To answer the question posed above, I say no. My students analyze children’s toys and clothing utilizing a critical gendered lens every semester (in fact, I graded this semester’s papers this afternoon). In many ways, toys created and marketed to children today are more sexist and confining than those from my childhood. To say that the writers at a critical and conscious blog emerged unscathed from the messages promoting beauty and domesticity as the sources of happiness for girls and women is not a conclusion that is representative of the mass population. Those Jezebel writers are sassy, smart and conscious. They can sniff out things like misogyny, sexism and sexist stereotypes quickly and easily.
Like the writers at Jezebel, I consider myself conscious and equipped with the ability to detect double-standards, sexist stereotypes and gender expectations. And, like the writers and individuals commenting at Jezebel, I liked my girl toys. I owned over 40 Barbies, the vacation home and the 3-story townhouse with elevator. I had the pink corvette and bags full of clothes and accessories. I loved grooming and dressing my Barbies, getting them ready for parties and dates (and engaging them in naughty behavior with Ken). Given a choice, I would have played with and had my Barbies proudly on display well into my teens. My mother eventually convinced me that it was time to put them away when I got my first boyfriend at 14.
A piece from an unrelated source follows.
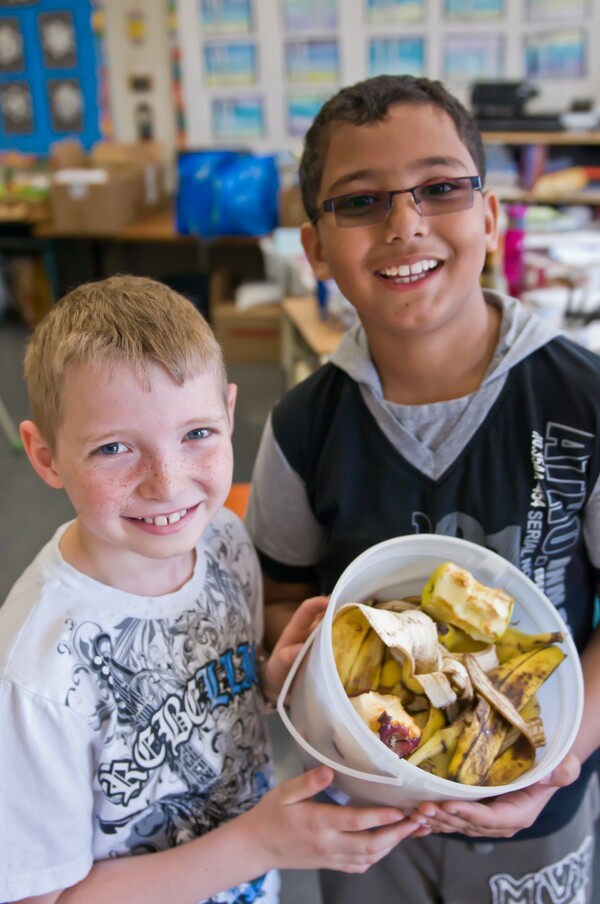 two boys holding a container of food scraps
Clearly, I loved Barbie and all the pink paraphernalia associated with Barbie. But I also remember the scale that was perpetually fixed on 110 pounds. 110. The last time I weighed 110 was when I was 5′ 2″ and in 6th grade. But that number, Barbie’s impossible measurements and “perfect” body were stuck in my mind as examples of what a woman should weigh and look like. I am not blaming Barbie and her pink scale as the sole variables that impacted my distorted and negative body image through most of my life. But I do recognize Barbie as one toy and one aspect of gender socialization that is part of a larger cultural onslaught (see here and here) that encourages girls and women to focus on beauty and relationships (the former as a way to nab the latter).
I agree with Irin Carmon’s statement “We somehow emerged intact — not immune to internalized sexism, of course, but able to think clearly and beyond it” only because I spent years deconstructing and decoding the messages reinforcing these gendered themes my entire life. I don’t blame my toys alone and I don’t pretend that these toys didn’t bring me hours of immense satisfaction and fun. But I also don’t discount these toys as agents of gender socialization that helped frame my expectations of my self, my place in the world, my relationships and possibilities. I recognize my ability to transcend these messages and “think clearly and beyond” them thanks to Sociology and Women’s Studies courses and becoming media literate.